The US Department of Homeland Security (DHS) said on Tuesday that its Secretary, John F. Kelly, will travel to Haiti on Wednesday “where he will meet with President Jovenel Moïse and other senior government officials.”
DHS said in a very brief statement that Kelly will “discuss international cooperation and issues related to repatriation, as well as efforts to build Haiti’s maritime law enforcement capacity, and to encourage cooperation between the Dominican Republic and Haiti’s nascent border security unit.”
Kelly’s visit comes after announcing last week Monday that he was granting a six-month TPS extension to Haitians living illegally in the US. The extension, which becomes effective on Jul. 23, 2017, rans through Jan. 22, 2018.
But Kelly warned that the extension should allow Haitian TPS recipients living in the US “time to attain travel documents and make other necessary arrangements for their ultimate departure from the United States, and should also provide the Haitian government with the time it needs to prepare for the future repatriation of all current TPS recipients.”
In making the decision to grant Haitians limited TPS, rather than the usual 18 months, Kelly said conditions in Haiti had “substantially improved since the earthquake in 2010.”
He cited, among other things, the impending withdrawal of the United Nations Stabilization Mission (MINUSTAH) in Haiti after 13 years; newly elected President Moïse’s promise to rebuild the razed National Palace; and the closure of most of the tent cities.
But Haitians in the US are querying their fate after the limited TPS ends. Miami resident Evita Fremont, 48, like thousands of her compatriots, wondered what she would be going back to, according to the Miami Herald.
“If they tell you to get out, you have to get out,” she told the paper. “Haiti is my country, but it doesn’t have jobs. So, I am going back to do what?”
Fremont and others, however, take issue with DHS’ assessment, according to the Herald.
Seven years after the devastating earthquake, they say, Haiti is still recovering from the collapse of its economy, and is struggling to restore social and economic normalcy, the Herald said.
“They are doing politics. They haven’t gone to Haiti,” said Fremont, a mother of four. “If you just look at the South where I am from, there is no way anyone can say it has improved.”
Fremont has been in the United States since 2008, the Herald said.
“I can’t even think about going back,” said Fremont, who suffers from hypertension and diabetes. “All I know is that if I go back, I am not going to live long. I am a sick woman.”

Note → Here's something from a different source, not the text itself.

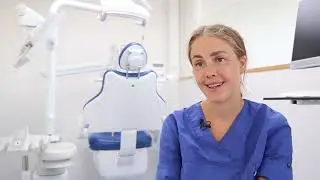 Tandläkarutbildning -  Hedvig Olsson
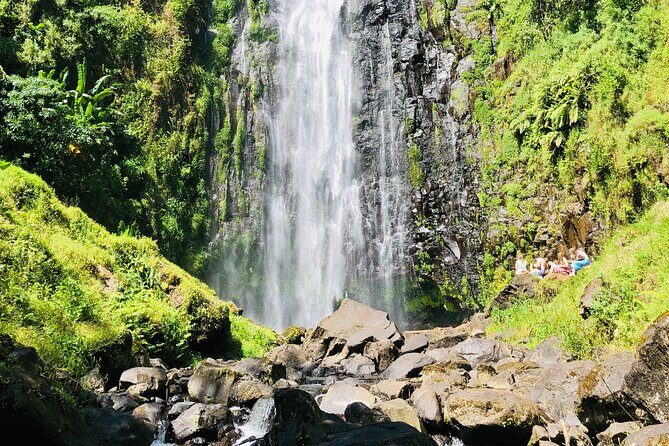 Materuni Waterfall, Coffee Tour and Picnic Hot Lunch - The Journey Begins: From Moshi to Materuni Village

An official with the International Monetary Fund (IMF), which keeps a close eye on Haiti, told the Herald that Haiti depends heavily on remittances from nationals living abroad, like Fremont.

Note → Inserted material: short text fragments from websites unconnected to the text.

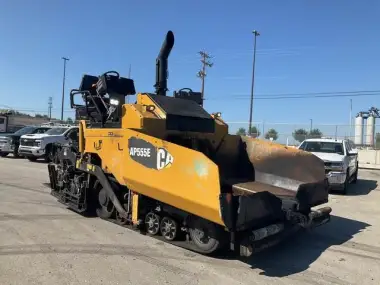 2015 Caterpillar AP-555E for sale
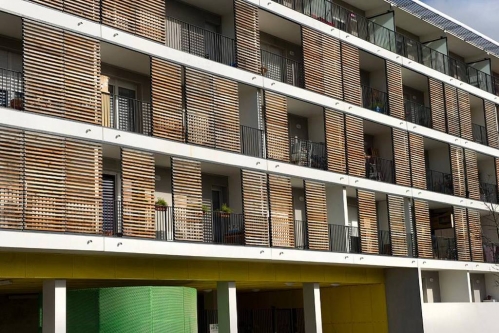 CDC Habitat couvre l’intégralité de l’offre de logements locatifs (très social, social, intermédiaire et accession). DR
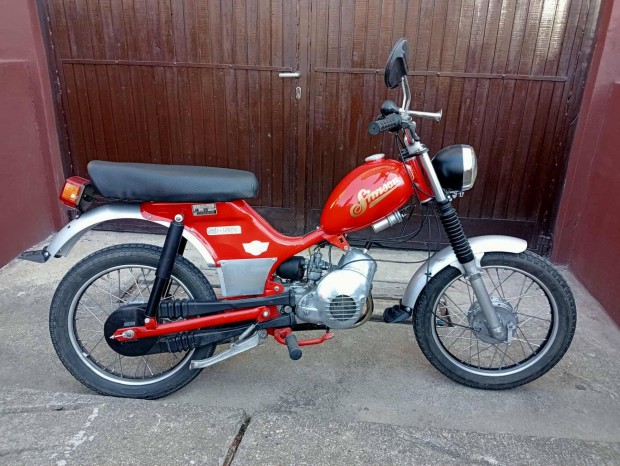 Simson Star segédmotor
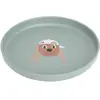 Lässig Tiny Team Dog Bord - PP/Cellulose - Blauw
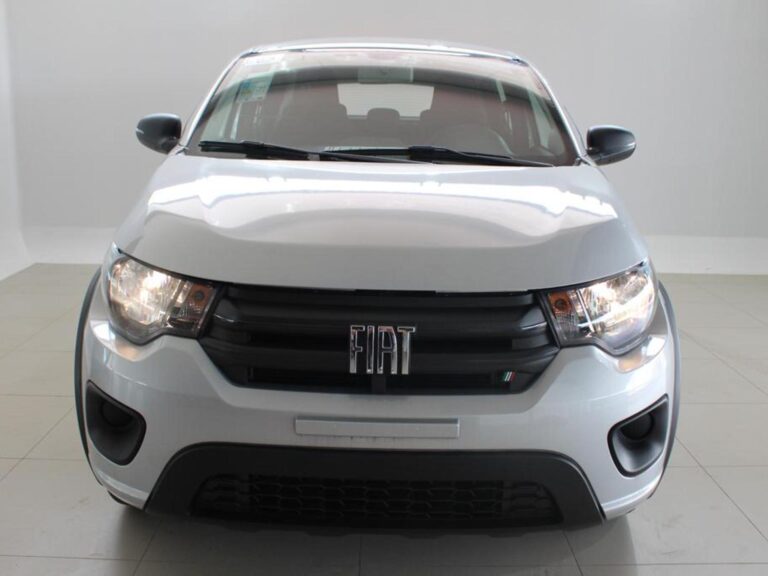 Fiat Mobi PcD 2024 é liberado com preço de R$ 57 mil em maio 2023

Their dollars account for 20 percent of the income of people in Haiti annually, the unidentified official told the Herald.

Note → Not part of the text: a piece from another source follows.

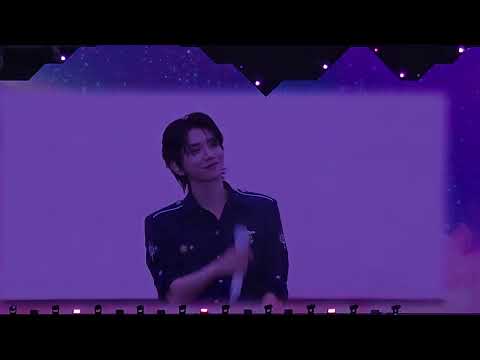 Finally heard Heaven's Cloud live 🩵🩷😍🫶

“The economy has been running on fumes for the past couple of years,” said the official, noting that inflation, just 4 percent three years ago, is now at 14 percent and the public treasury is starved. “The standard of living just hasn’t gone anywhere. Haiti’s real growth is in the area of 1 percent. For a population growing rapidly, it’s a demographic, development disaster.”
Last week, the Trump administration proposed cutting the US$191 million in assistance it gave to Haiti in the 2016-2017 budget by US$33.4 million next year, the Herald said.
It said that’s on top of drastic reductions in the US contribution to the UN’s peacekeeping operations and humanitarian programs around the globe, including Haiti.
The DHS has said that Haitians, like Fremont, will now have to re-register and file for work authorization in order to remain in the US, a process that takes at least two months, and costs about US$480, the Herald said.
“For the people here, it’s very challenging because it’s very costly for them to renew things every six months,” said Randolph McGrorty, executive director of Catholic Legal Services, a non-profit organization.
“It’s clear from the tortured analysis that they want to end TPS for Haitians — not because country conditions indicate they should, but because they feel that they have given Haitians enough time,” said McGrorty said about DHS’ rationale for the six-month extension.
“Yet the community support and the reality of life in Haiti won’t allow them to do that at this time, so they kicked the can down the road,” he added.